According to a widely circulated analysis from Pillage Capital, the answer is yes. And it's not because of temporary market weakness. It's because Bitcoin might be structurally irrelevant now.
Mission Accomplished, Nobody Home
Here's the thesis: Bitcoin already did what it was supposed to do. It was never meant to become humanity's final currency. Instead, it was a decentralized battering ram designed to break down the U.S. government's resistance to digital bearer assets after early experiments like E-gold got shut down.
By eliminating centralized choke points, Bitcoin survived long enough to force regulators to accept tokenized assets as legitimate. Once crypto grew into a multi-trillion-dollar political force, governments and institutions responded. They upgraded financial infrastructure. Tokenized stocks, gold, treasuries, and dollars are now legal, regulated, and scaling globally.

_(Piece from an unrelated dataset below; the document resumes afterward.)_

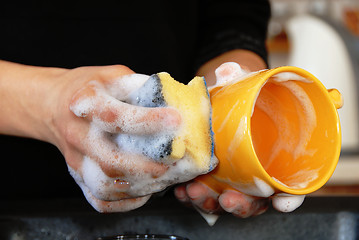 Image showing Washing dishes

With multiple compliant digital-asset rails now available, Bitcoin's monopoly as the only censorship-resistant value network disappeared.
Stablecoins Exposed the Truth
Stablecoins ultimately revealed what really matters: it's not decentralization for its own sake. It's the underlying asset, the issuer, and the utility. Blockchains are interchangeable pipes.
As the rails modernized, Bitcoin's value proposition weakened. It underperformed the Nasdaq over a full cycle, while users faced clunky UX, irreversible mistakes, rising fees, custodial dependencies, hacks, and stagnant developer activity. The network ossified as the rest of the industry moved on.
Most users, Pillage Capital argues, simply prefer systems with safety nets. Platforms where errors can be reversed and losses can be recovered. Tether's ability to freeze, remediate, or reverse transactions has become a feature, not a flaw, for the masses.
The Battering Ram Did Its Job
Bitcoin may have won the regulatory war, but now it finds itself without a mission. With tokenized real-world assets exploding in scale—and even Tether holding more gold than Bitcoin—capital is shifting toward assets with real yield, real backing, and real utility.
The next era of crypto, according to this view, will be built on regulated tokenized real assets, not on "Magic Internet Money." The battering ram did its job. And the world moved on.